In 2010 WikiLeaks presented the Guardian and The New York Times with 92,000 leaked field reports from the war in Afghanistan. Julian Assange delivered them in person to the Guardian offices in London. The journalists quickly confirmed that they seemed to be real but, to their surprise, the reports ended abruptly in April 2009, when they should have gone through to the end of that year.
You guessed it: Excel counted its rows as a 16-bit number, so there was a maximum of 2^16= 65,536 rows available. So when the journalists opened the data in Excel, all the data after the first 65,536 entries vanished. New York Times journalist Bill Keller described the secret meeting where this was noticed and how ‘Assange, slipping naturally into the role of office geek, explained that they had hit the limits of Excel.’
Excel has since been expanded to a maximum 2^20 = 1,048,576 rows. But that is still a limit! Scrolling down in Excel can feel like it goes on for ever, but if you drag down for long enough you will eventually hit the end of the spreadsheet. If you’d like to go to visit the void at the end of the rows, I can confirm it takes about ten minutes of maximum-speed scrolling.
Behold the empty void at the edge of the Excel world.
When the spreadsheet hits the fan
On the whole, doing any kind of important work in a spreadsheet is not a good idea. They are the perfect environment for mistakes to spawn and grow unchecked. The European Spreadsheet Risks Interest Group (yes, that is a real organization, one dedicated to examining the moments when spreadsheets go wrong) estimates that over 90 per cent of all spreadsheets contain errors. Around 24 per cent of spreadsheets that use formulas contain a direct maths error in their computations.
They are able to arrive at such an oddly specific percentage because, occasionally, an entire company’s worth of spreadsheets escape at once. Dr Felienne Hermans is an assistant professor at Delft University of Technology, where she runs their Spreadsheet Lab. I love the idea of a spreadsheet lab: columns instead of coll
imators; if-statements instead of incubators. She was able to analyse one of the biggest corpuses of real-world spreadsheets ever captured.
In the aftermath of the Enron scandal of 2001, the Federal Energy Regulatory Commission published the results of its investigation into the corporation and the evidence behind it – which included around 0.5 million emails from within the company. There were some concerns about publishing the emails of employees who had nothing to do with the scandal, so a sanitized version taking employee concerns into account is now available online. It provides a fantastic insight into how email is used within such a large company.

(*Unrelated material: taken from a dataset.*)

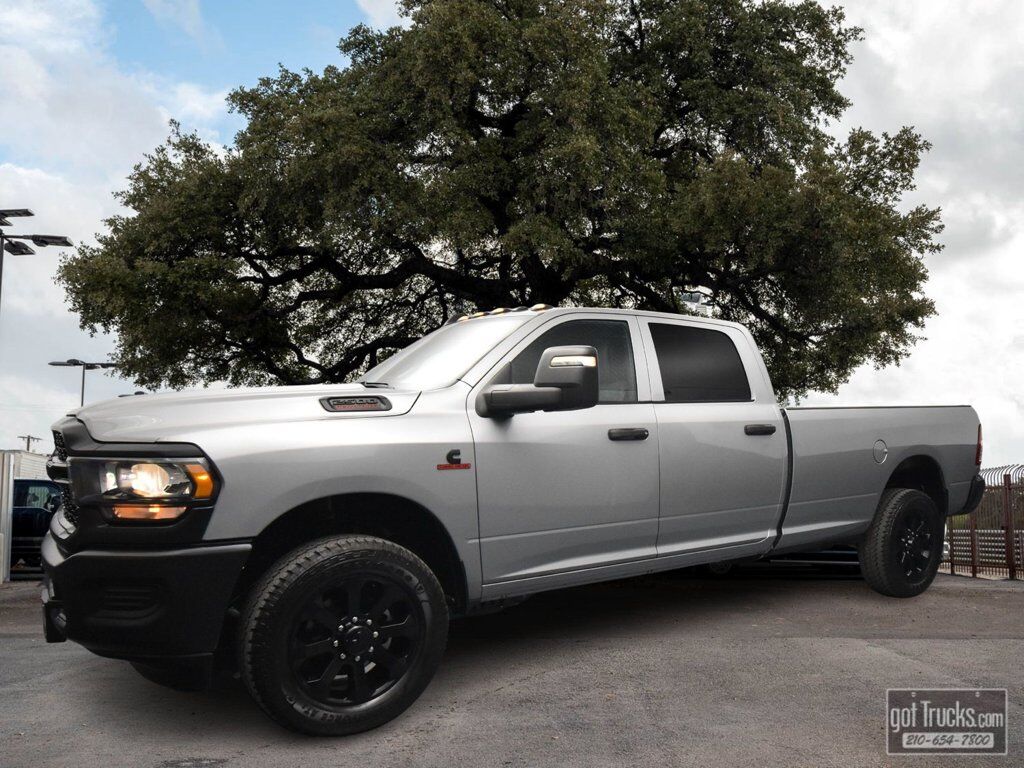2024 RAM 2500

And, of course, they were emailing a lot of spreadsheets as attachments.
Hermans and her colleagues searched through the email archive and were able to assemble a corpus of 15,770 real-world spreadsheets as well as 68,979 emails pertaining to spreadsheets. There is some selection bias because these spreadsheets were from a company being investigated for poor financial reporting, which is a shame. But it was still an incredible snapshot of how spreadsheets are actually used in the real world, as well as the way in which emails showing those spreadsheets were discussed, passed around and updated. Here is what Hermans discovered:
The average spreadsheet was 113.4 Kilobytes.
The biggest spreadsheet was an impressive 41 Megabytes. (I bet it was a birthday invite with embedded sound files and animated gifs. Makes me shudder just thinking about it.)

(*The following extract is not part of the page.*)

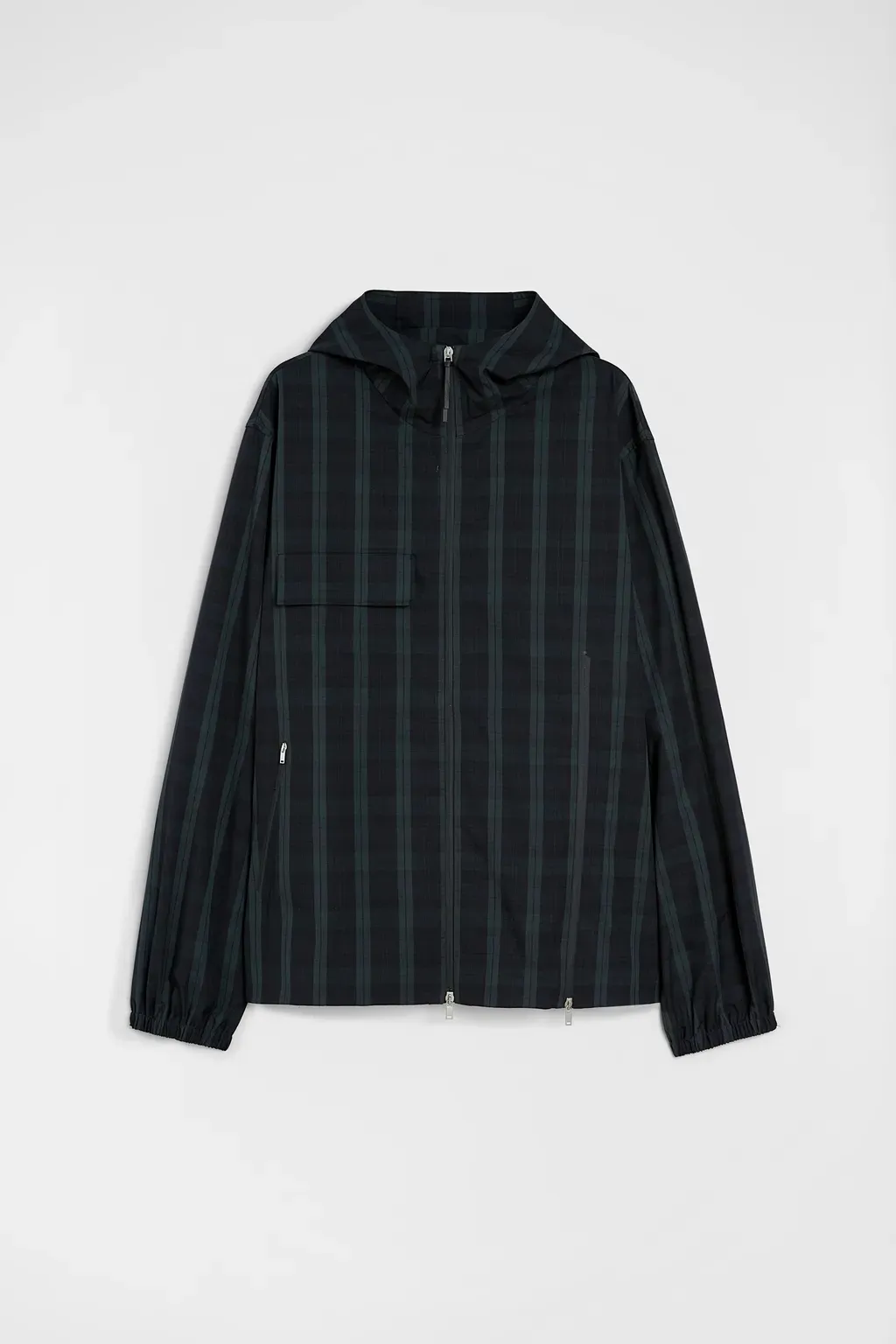 Technical Cotton Blouson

On average, each spreadsheet had 5.1 worksheets within it.
One spreadsheet had 175 worksheets! Even I think that is too much and that it needs an SQL.
The spreadsheets had an average of 6,191 non-empty cells each, of which 1,286 were formulas (so 20.8 per cent of cells used formulas to do a calculation or move data around).
6,650 spreadsheets (42.2 per cent) did not contain a single formula. Come on. Why even use a spreadsheet?